Era semplicissimo e questa sua semplicità ci trasmetteva tanta forza, perché si capiva che non era ingenuità, ma una semplicità forte, di Dio, non di uomo. È difficile infatti essere semplici ».



L'aereo decollò tranquillamente

Una volta giunse all'aeroporto con un forte ritardo perché l'ave­vano trattenuto. Chi lo accompagnava lo consigliava di tornare indietro. Ma Don Carlo, sereno, disse: « Vedrà che la Mamma ci pensa ». L'aereo stava ormai già per decollare. Ma un imprevisto tecnico lo trattenne. Arrivarono i tecnici e cominciarono a fare alcuni controlli: sembrava tutto a posto. Arrivò intanto anche Don Carlo e l'aereo de­collò tranquillamente.

Leggeva questi piccoli segni come un incoraggiamento a continua­re sulla via intrapresa di abbandono totale.



Tutto bene!

« Don Carlo sapeva sorridere anche nelle difficoltà - attesta il dr. F. -. Ricordo di averlo accompagnato quando si recò per l'ultima volta dai Salesiani e dal Rettor Maggiore. Lo attesi fuori. E lo vidi tornare che sorrideva come sempre. Gli chiesi con discrezione: "Don Carlo, è andato tutto bene?". "Tutto bene" mi rispose. Mi colpì pro­fondamente questo abbandono, questa quiete, questa fiducia nella Ma­donna anche in quel momento di grande sofferenza, mentre doveva lasciare la Congregazione dov'era vissuto più di quarant'anni ».

Era sostenuto dalla forza granitica di questa Parola di Dio: « Tut­to concorre al bene di coloro che amano Dio» (Rm 8,28). Collimava in pieno con la certezza di S. Teresina: « Come nella na­tura le stagioni sono regolate in modo da far sbocciare nel giorno sta­bilito la più umile pratolina, così tutto risponde al bene di ogni anima ». Don Carlo ne era certissimo e rimaneva sereno anche nella bufera.



Andiamo per difendere i giovani

« Ricordo una volta che fu chiamato a Roma in casa generalizia - racconta un suo intimo collaboratore laico; - lo accompagnam­mo alla stazione. Accettò la cuccetta di seconda classe. Viaggiava pre­feribilmente di notte per guadagnar tempo.
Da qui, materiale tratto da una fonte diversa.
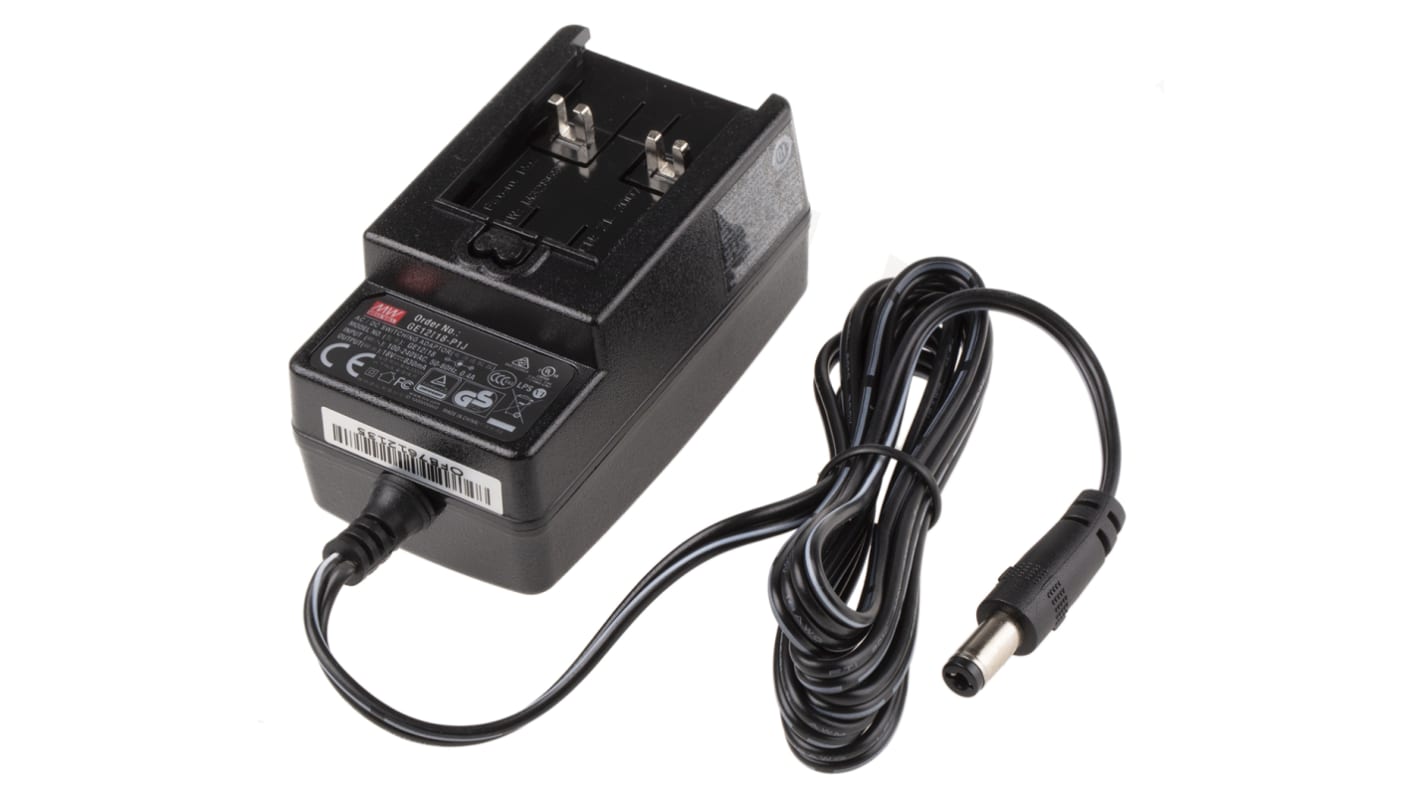 Mean Well 15W Plug-In AC/DC Adapter 18V dc Output, 830mA Output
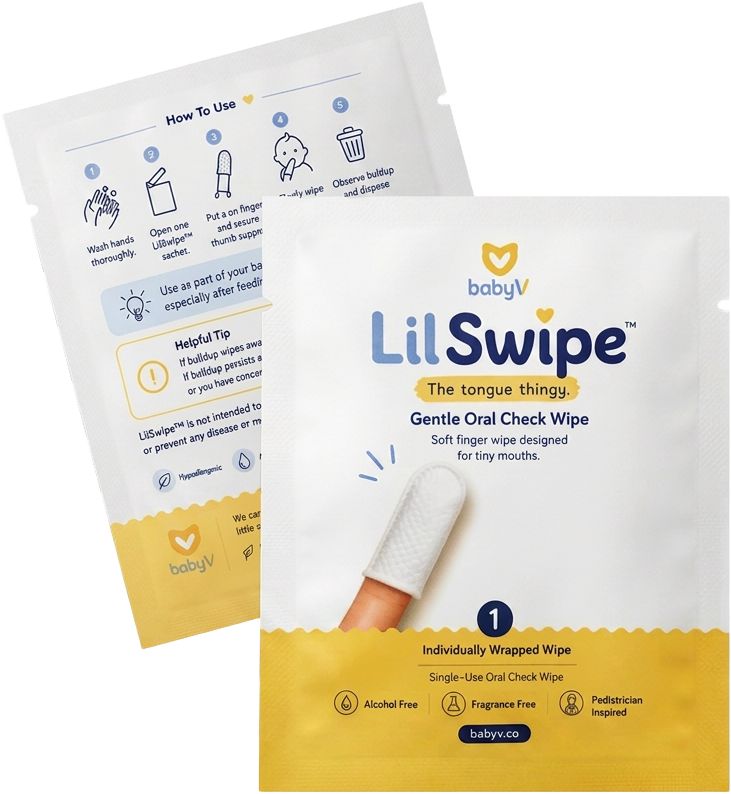 LilSwipe individually wrapped sachet showing the soft finger wipe and packaging instructions
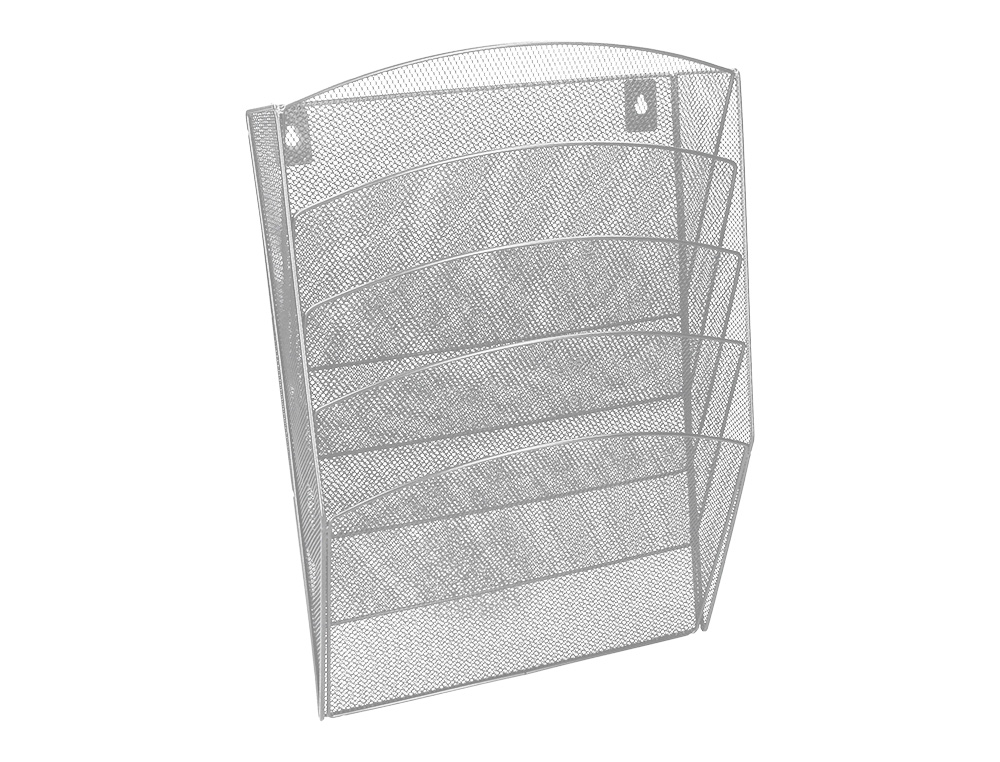 CORBEILLE MURALE Q-CONNECT 5 CASES A4 VERTICAL PRSENTOIR MTALLIQUE 315X93X440MM COLORIS ARGENT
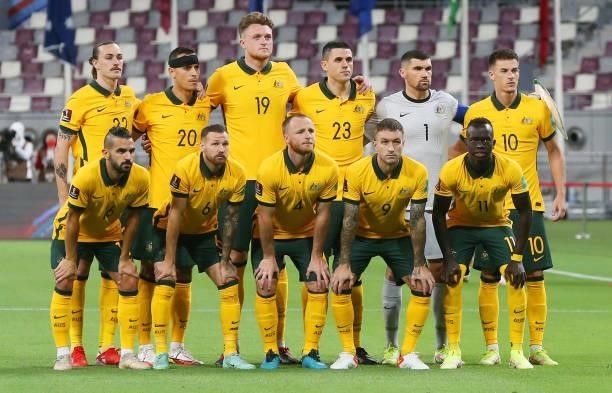 Australia players line up prior to the 2022 FIFA World Cup Qualifier match between Australia and China PR at Khalifa International Stadium on...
Lo salutammo e lui come sempre cercava di sorridere. Dopo un po' tornai indietro a portargli una bottiglia d'acqua. Lo trovai seduto sulla sponda della cuccetta, tutto rannicchiato e triste. Mi si strinse il cuore a vederlo così. Dalla talare aperta si notava un golf nero così liso che si vedeva anche la maglia di sotto. (Era sempre vestito dimes­samente: la sua veste pulita, ordinata, ma povera. Lo vedemmo siste­mato un po' bene quando la Mamma Celeste gli fece incontrare la ca­rità di alcune claustrali che lo ospitavano e si prendevano cura della sua biancheria).

Appena mi scorse, subito sorrise e mi fece tanta festa. Mi disse: «Andiamo per difendere i giovani... Avanti, A.! ».

Qualche altra volta gli facevamo notare i rischi e le forti reazioni che avrebbe sollevato con qualche presa di posizione. E lui deciso: "Bi­sogna farlo. Noi dobbiamo guardare alle anime. E dobbiamo essere pronti a perdere tutto. Sempre". E andava avanti, fino in fondo, da solo.

Guardava a Dio solo e alla strada che la Mamma gli faceva fare. La forza interiore che lo sosteneva non era umana».